If this is paid off over a recovery period still ending in 2026, employer deficit contributions will increase by around 30-50%. The average total cost of future accrual will increase by around 15%, but an actual employer’s rate is dependent on employer profile. These estimates reflect the collective views of a number of actuarial firms.
Of course, the actual outcomes will depend on the SHPS Scheme Actuary’s detailed actuarial calculations and the approach taken by the SHPS Trustee to this time’s valuation. This includes the level of prudence included in the discount rate and any changes in the investment strategy, changes to mortality and long-term inflation projections and the recovery period for making good the deficit. In turn these will depend on the trustee’s view of the employer covenant and the Pensions Regulator’s approach.
The Pensions Regulator is consulting on a new Defined Benefit funding code for all trust-based schemes, including those in the housing sector. Note that this funding code will not directly impact the Local Government Pension Scheme as this is under separate regulations.
The code is intended to come in force for all valuations from the start of 2022, although trustees may look to introduce some of the principles before this date.

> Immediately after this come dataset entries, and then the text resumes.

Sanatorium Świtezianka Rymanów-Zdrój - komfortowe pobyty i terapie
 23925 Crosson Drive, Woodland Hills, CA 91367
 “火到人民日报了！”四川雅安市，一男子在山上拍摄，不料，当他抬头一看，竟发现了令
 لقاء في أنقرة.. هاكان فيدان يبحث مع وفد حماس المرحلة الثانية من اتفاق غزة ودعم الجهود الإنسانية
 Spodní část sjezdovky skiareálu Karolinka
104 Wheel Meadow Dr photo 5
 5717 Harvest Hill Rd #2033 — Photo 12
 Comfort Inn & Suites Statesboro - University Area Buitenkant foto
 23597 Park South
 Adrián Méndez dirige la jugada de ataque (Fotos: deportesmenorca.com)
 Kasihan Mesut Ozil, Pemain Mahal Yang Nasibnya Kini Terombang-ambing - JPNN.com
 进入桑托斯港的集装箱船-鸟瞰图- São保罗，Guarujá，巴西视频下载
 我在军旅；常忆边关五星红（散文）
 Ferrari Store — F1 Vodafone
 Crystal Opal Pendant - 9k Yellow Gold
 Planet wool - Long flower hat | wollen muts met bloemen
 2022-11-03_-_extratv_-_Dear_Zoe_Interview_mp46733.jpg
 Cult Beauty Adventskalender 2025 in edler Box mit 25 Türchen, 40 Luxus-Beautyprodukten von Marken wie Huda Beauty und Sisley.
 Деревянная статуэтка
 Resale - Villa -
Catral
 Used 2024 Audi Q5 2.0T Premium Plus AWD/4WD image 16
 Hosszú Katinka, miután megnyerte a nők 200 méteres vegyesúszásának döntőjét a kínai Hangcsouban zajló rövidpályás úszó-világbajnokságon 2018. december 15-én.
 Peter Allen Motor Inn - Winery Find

The proposed code includes requirements around a fast-track or bespoke process for submitting valuations, with fast-track guidelines prescribed by the Regulator and to include the following:
The fast-track principles create a challenge for the housing sector around where housing associations’ resources are best placed. In short, should cash be spent on new housing development and enhancing the quality of social housing or on the prudent funding of legacy pension promises?
The NHF is working with Isio to engage the Pensions Regulator during the consultation on behalf of the housing sector, citing in particular the strong long-term covenant of housing associations and the Regulator of Social Housing’s existing framework for stress testing. We will continue to represent members as the second phase of consultation progresses.
Given the shake-up of Defined Benefit funding, SHPS trustees may take the chance to step back and review the funding model as a whole. In particular, the design of a bespoke approach could enable a reappraisal of prudence. Analysis of the SHPS discount rate shows that it is already reasonably prudent when compared with the universe of trust-based schemes.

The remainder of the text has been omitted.